Mini ClaudeCode — Function-Calling AI Agent for Local Codebase Analysis & Engineering

// the_story

The Problem

I'd been using AI tools to help with code for a while before I stopped and asked: how does this actually work? Not the model weights — the scaffolding. The loop that decides when to call a function, what arguments to pass, and what to do with the result. The only way to really understand it was to build one. So I built a mini autonomous code agent from scratch — one that can read, write, and execute code in a local codebase using nothing but a Gemini API key and a few hundred lines of Python.

A mini mini Claude, if you will. For better or worse. 👽

The Architecture

The agent is deliberately thin. Four files do the work:

schemas.py — tells Gemini what tools exist and what arguments they take
call_function.py — maps tool names to actual Python functions
config.py — system prompt, model config, constants
main.py — the agent loop

The tools themselves are simple: list files with sizes and types, read a file's contents, write or overwrite a file, execute a Python script with optional arguments. Four operations. Everything the agent needs to navigate a codebase, understand it, and modify it.

The Loop

The core is an iterative reasoning cycle:

[CODE BLOCK — language: python — filename: main.py]

while True:
response = model.generate_content(messages)

if response.candidates[0].content.parts[0].function_call:
tool_call = response.candidates[0].content.parts[0].function_call
result = call_function(tool_call.name, tool_call.args)
messages.append({"role": "model", "parts": [response.candidates[0].content.parts[0]]})
messages.append({"role": "user", "parts": [{"function_response": {"name": tool_call.name, "response": result}}]})
else:
print(response.text)
break

Gemini gets the system prompt, the tool schemas, and the conversation history. It decides: call a function, or give the final answer. If it calls a function, the result goes back into the conversation. The model reasons over it, decides what to do next, and the loop repeats. When it's satisfied, it returns a final_response and the loop exits.

--verbose surfaces every intermediate step — which tools fired, what arguments were passed, what came back. Without it, the agent looks like magic. With it, it looks like what it is: a model reading its own tool output and deciding what to read next.

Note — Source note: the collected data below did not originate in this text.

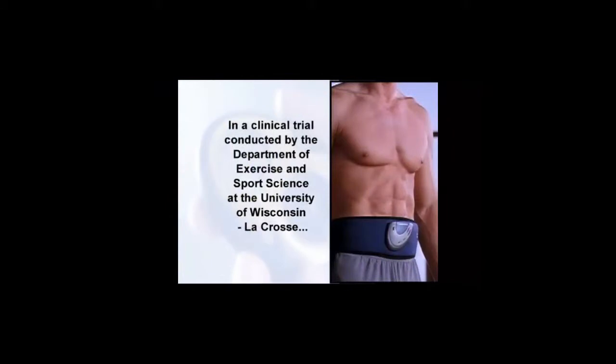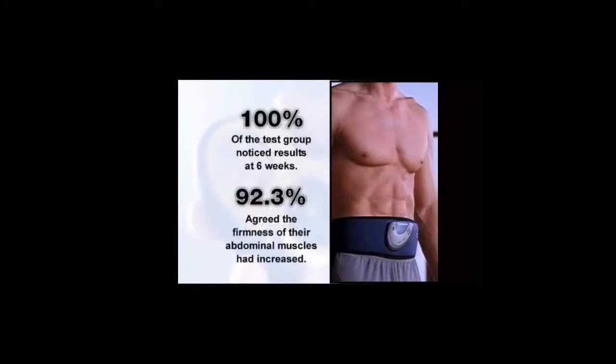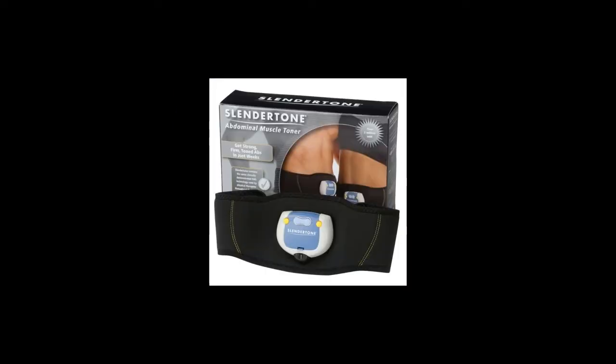I get calls all the time from people around the country who have seen the product and want to know if it really works. And I just tell them, based on the results of the studies we've done, there's no question it's going to increase the strength, the endurance, and the firmness and tone of people's abdominal muscles.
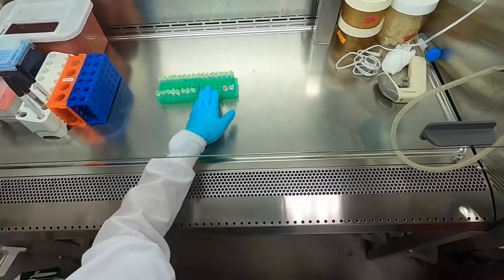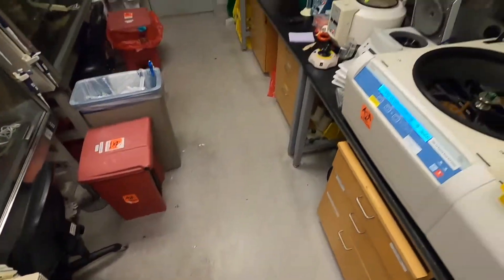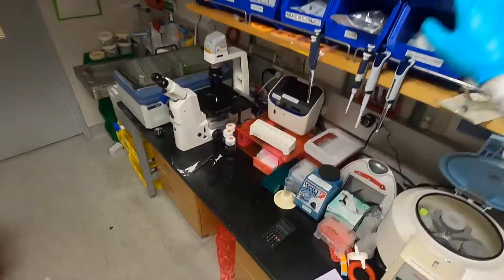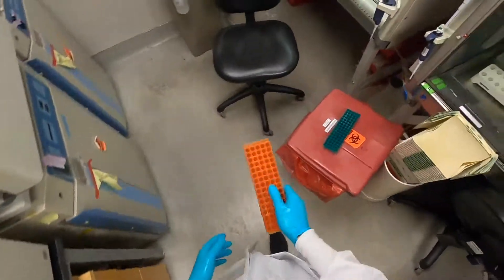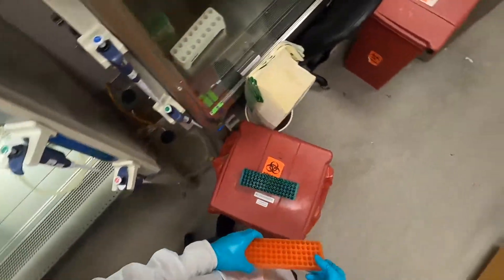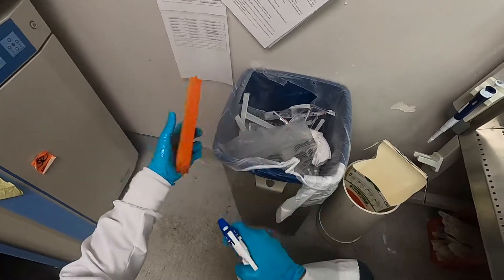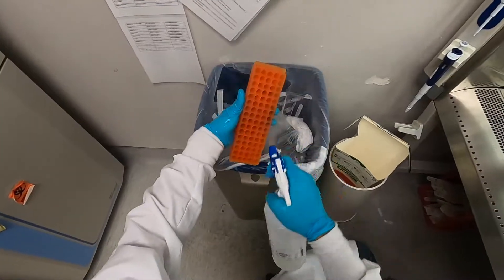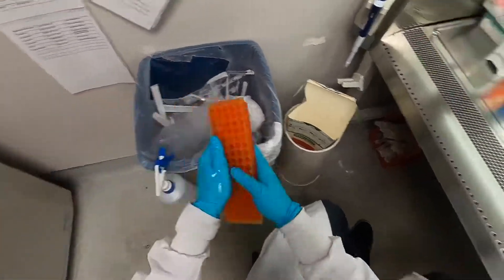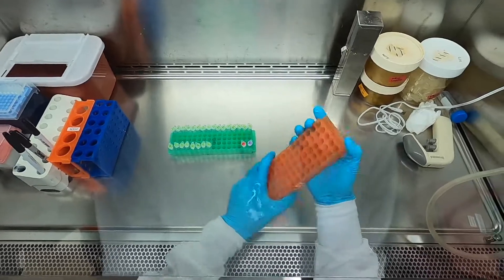I'm going to grab another tube rack because I have a lot of plasmids to transfect today. I'm going to grab one of these tube racks that lives in the TC room, because the tube rack I brought from outside has seen a lot of E. coli and other things. Hopefully this rack is more sterile, but still I'm being very precautious and spraying it down with ethanol very generously.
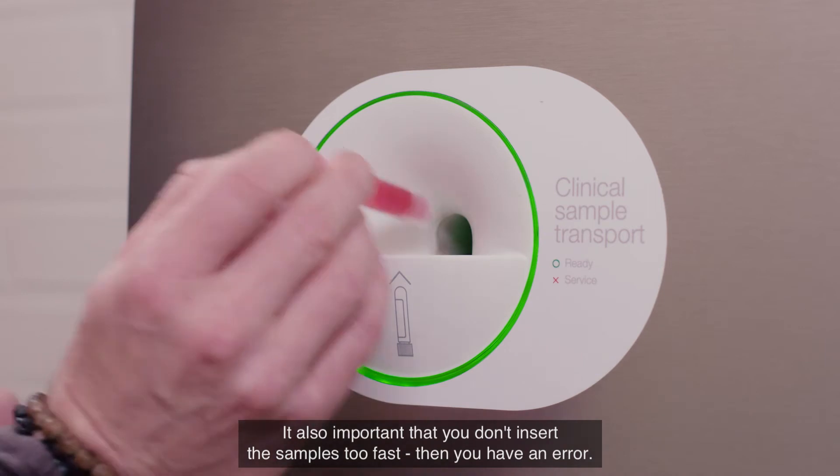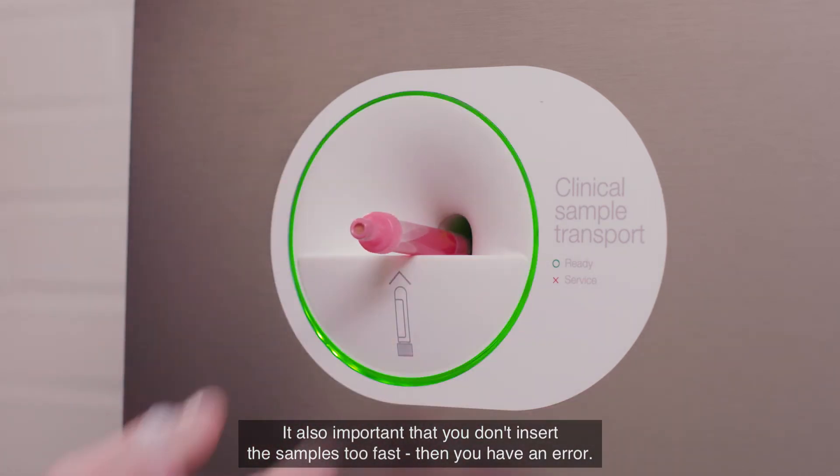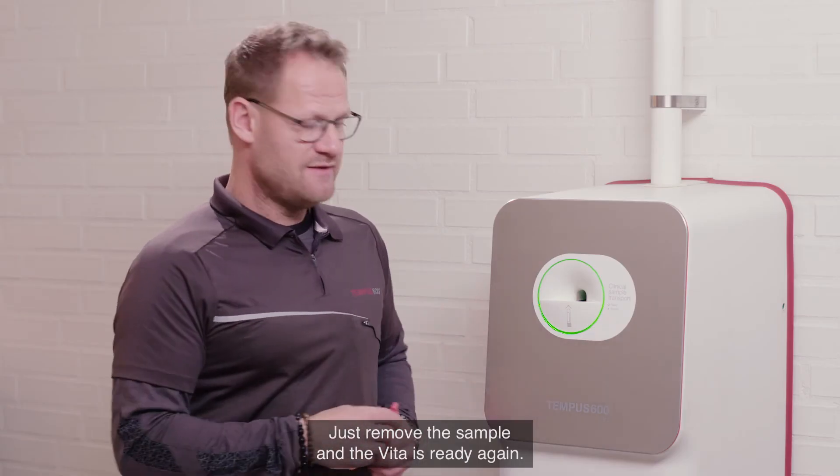It's also important that you don't insert the samples too fast, as that will trigger an error. Just remove the sample and the Vita is ready again.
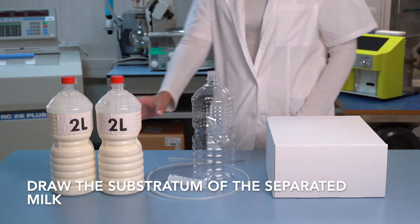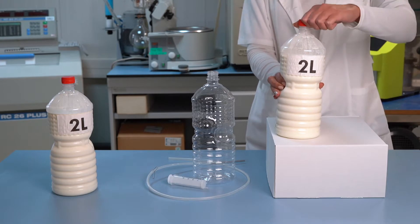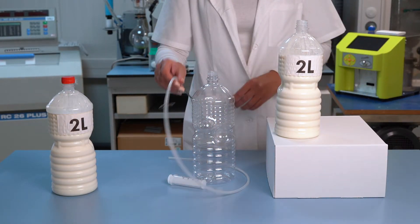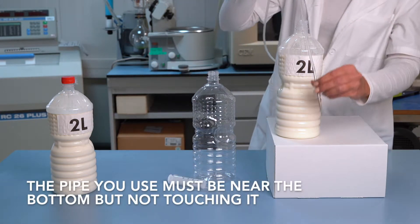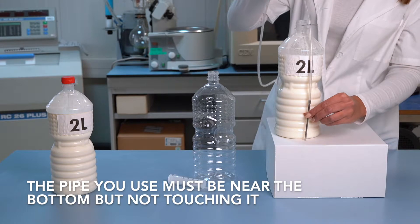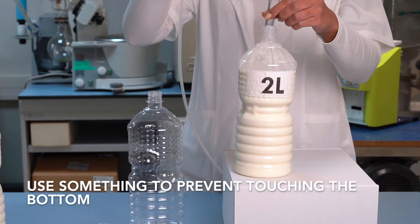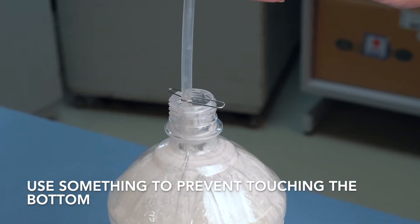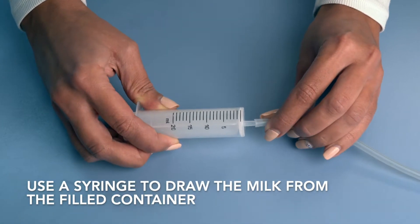Draw the substratum of the separated milk. The pipe you use must be near the bottom but not touching it. Use something to prevent touching the bottom. Use a syringe to draw the milk from the filled container.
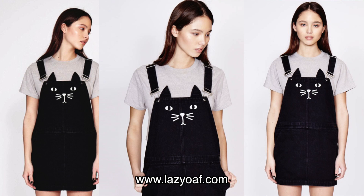Welcome to Make Thrift Buy, a show where you guys send me cool clothes from the internet and I try to recreate them. Today's challenge was sent in by Crafting Cutie, who suggested I try out this cat-a-fore dress from Lazy Oaf, which retails for $110.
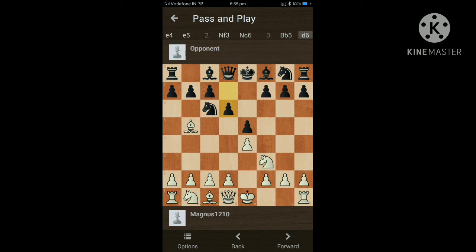And castles. Now most players will tend to play d6, but d6 is a mistake because then the knight is pinned with the king, so it's a really big mistake. You will not want to do that, as white is ahead in development and has a slightly better position as it will soon guard its pawn.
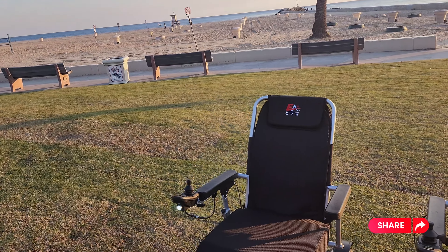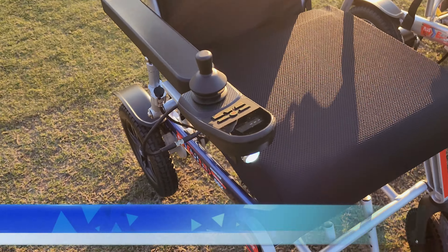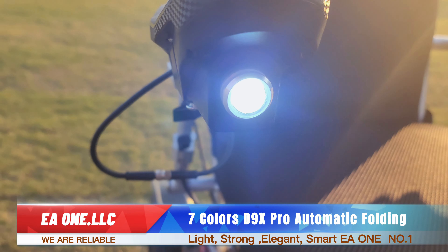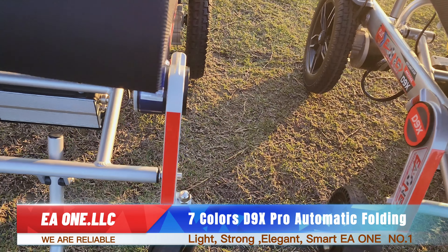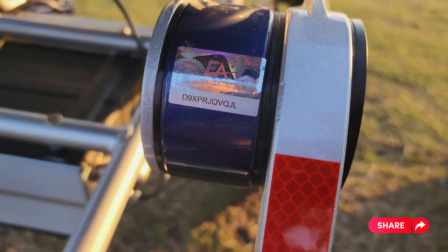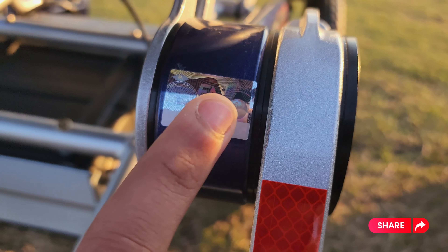Hello, this is the EA1 electric wheelchair. Today we're going to be showing you our exclusive seven-color wheelchairs, their features, and how to know whether your wheelchair is original or not. Firstly, we have the flashlight. We also have these red light stickers.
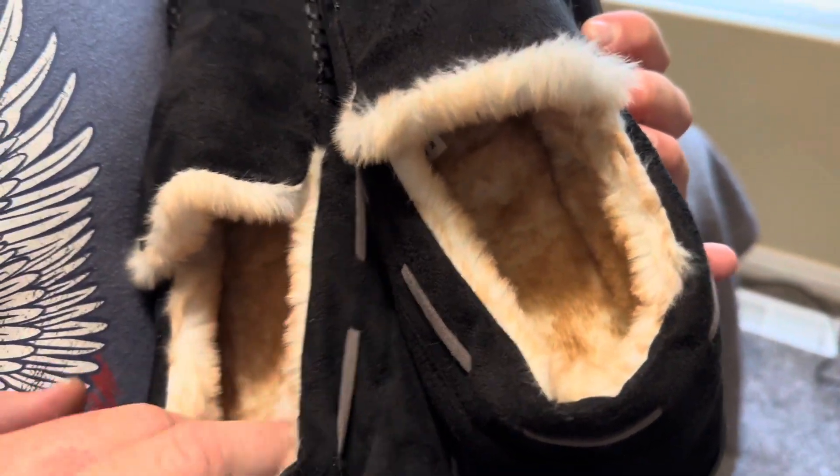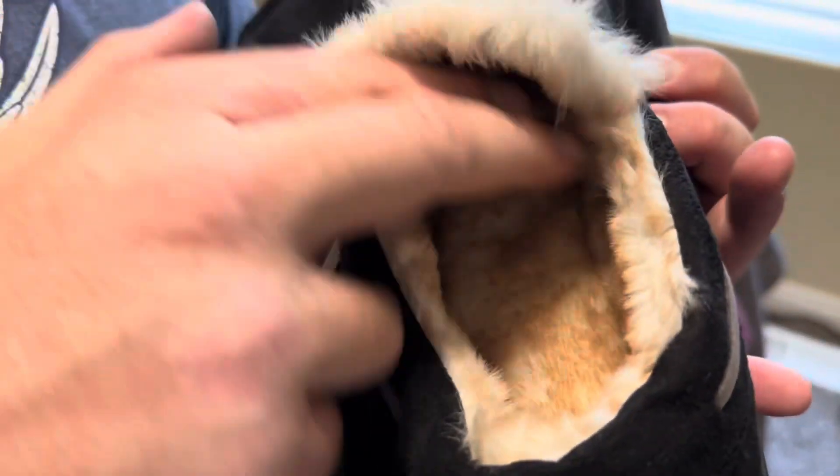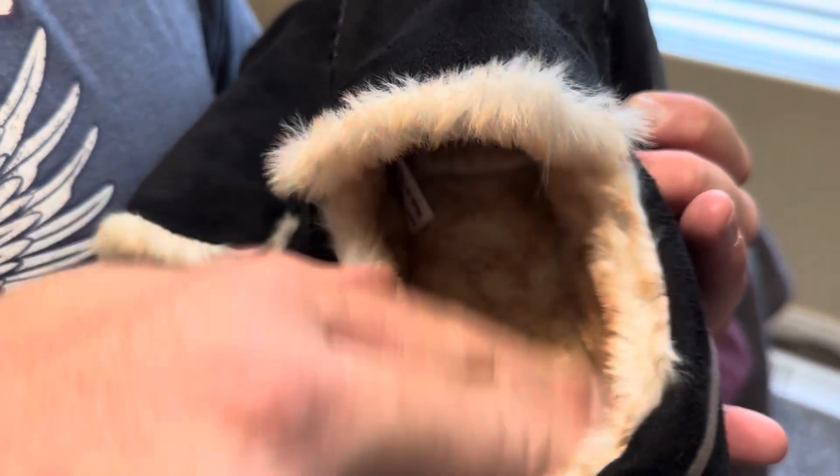They have a wool-like plush lining. They also have a memory foam, giving you great support and comfort. As you can see here, you can see the inside of them are nice and soft, very comfortable.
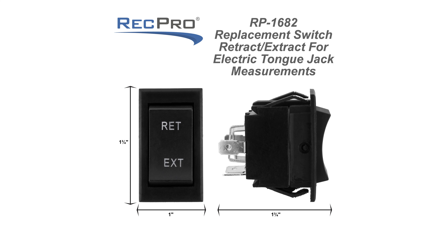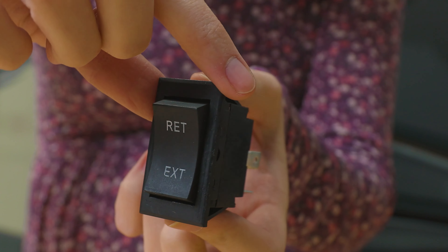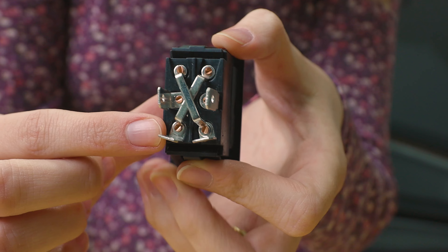I'll go ahead and put the dimensions of this up here on the screen for you guys. This is the direct replacement for our RecPro 3,500 pounds stabilizing electric tongue jack. It is easy to replace as it is a direct replacement, and as you can see here on the back, it has a four pin four wire reverse polarity hookup. You can simply move the old switch, hook it up the exact same way, and you are good to go. You're back to extending and retracting your jack.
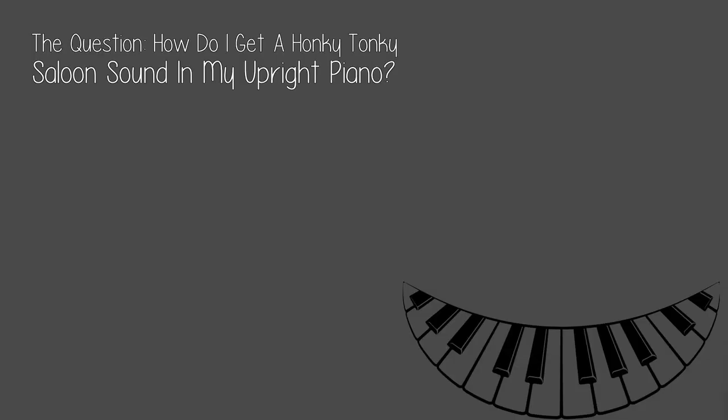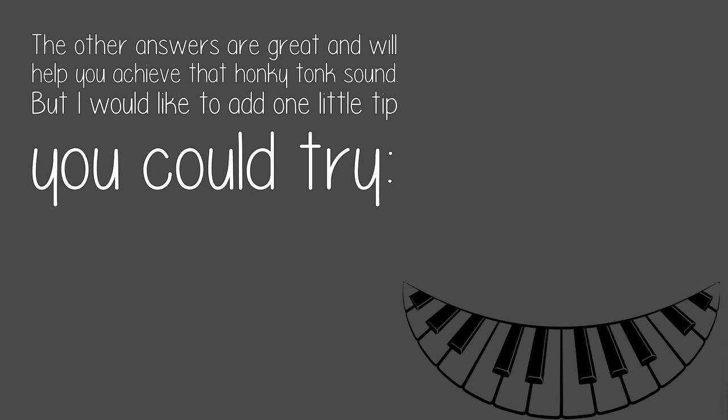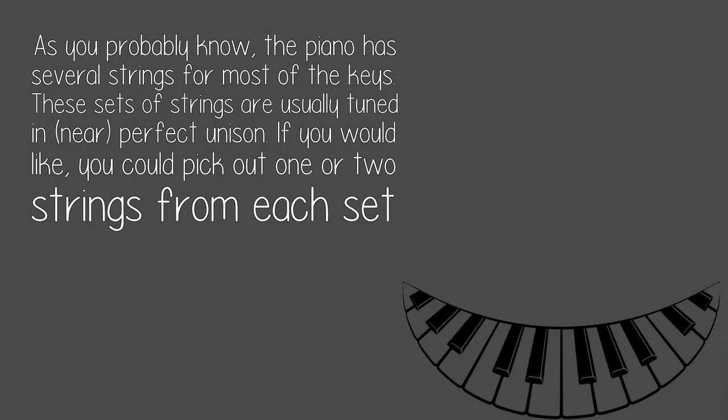The question: how do I get a honky-tonky saloon sound in my upright piano? The other answers are great and will help you achieve that honky-tonk sound, but I would like to add one little tip you could try.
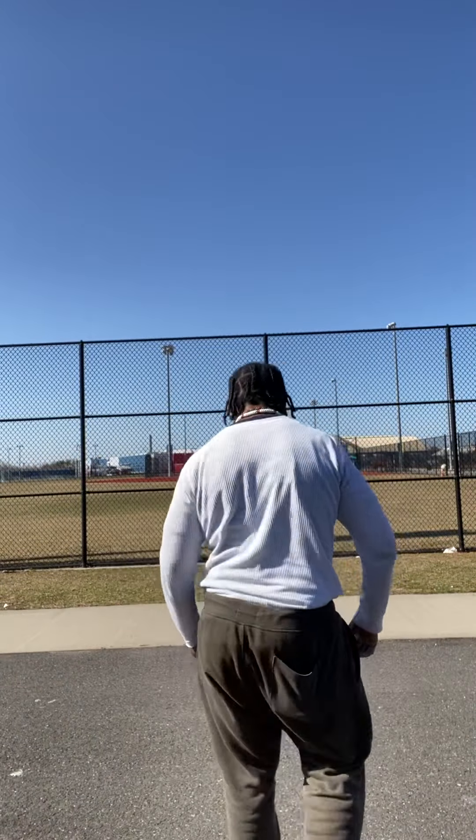That's 380. That's like 380 squats in about 20 minutes. Not too bad. Let's get it.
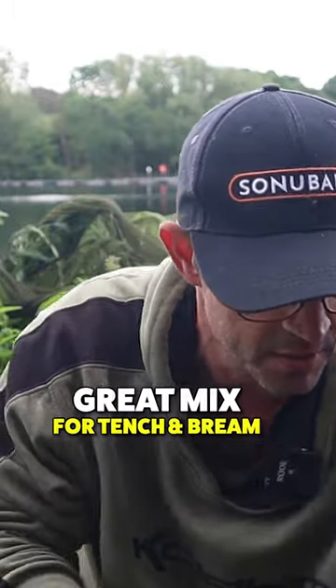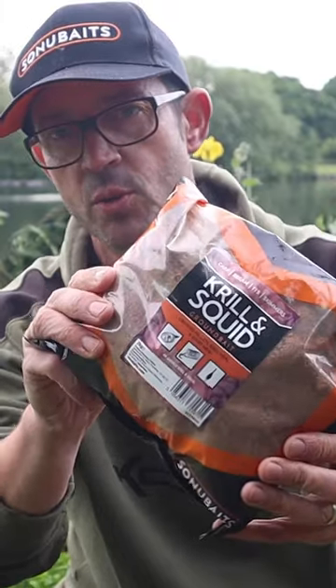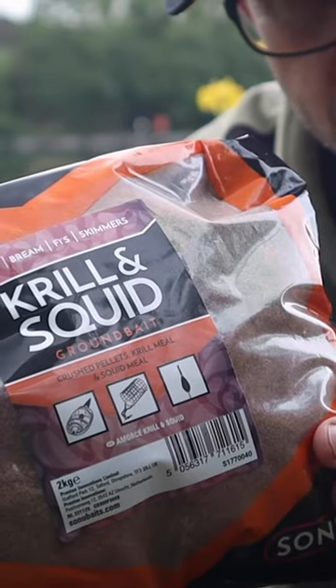This is what I've made up. The first thing is my ever faithful Krill and Squid ground bait — I've literally put a whole bag of that in. Into that I've got the two millimetre krill pellets. That forms pretty much the basis of a lot of my mixes, a lot of my ground baits — straight away the Krill and Squid ground bait with two millimetre krill pellets. That's almost default. So that goes in.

Giving an LLM the ability to execute arbitrary Python on your machine is either a great learning exercise or a terrible idea. Probably both, simultaneously.

The Dark Side

The security notice in the README is not boilerplate. This agent can write and execute arbitrary Python. It has no sandbox, no filesystem restriction, no rollback. Point it at the wrong codebase with the wrong prompt and it will do exactly what you asked — which might not be what you meant.

That tension is, honestly, the most interesting part of the project. Every production code agent — Claude, Cursor, Devin — is solving this same problem at scale: how do you give a model real filesystem and execution access without it becoming a footgun? I didn't solve it. I just made it visible.

What I Learned

Function calling is just structured output. The model doesn't "call" anything — it outputs a JSON blob that says "call this function with these args." Your code does the actual calling. That reframe made the whole pattern click.
The loop IS the agent. The reasoning doesn't happen in one pass. It happens across multiple cycles of: observe → decide → act → observe again. The quality of the agent is the quality of that loop.
System prompts are architecture. What you put in config.py shapes how the agent reasons about the available tools. A poorly written system prompt produces an agent that ignores half its toolkit.
Extensibility should be the default. Adding a new tool is three steps: define the schema, implement the function, add it to the map. That's the right design. Tools should be cheap to add.
Build the thing you use. The fastest path to understanding how AI coding tools work was to write a broken version of one and debug it until it wasn't broken anymore.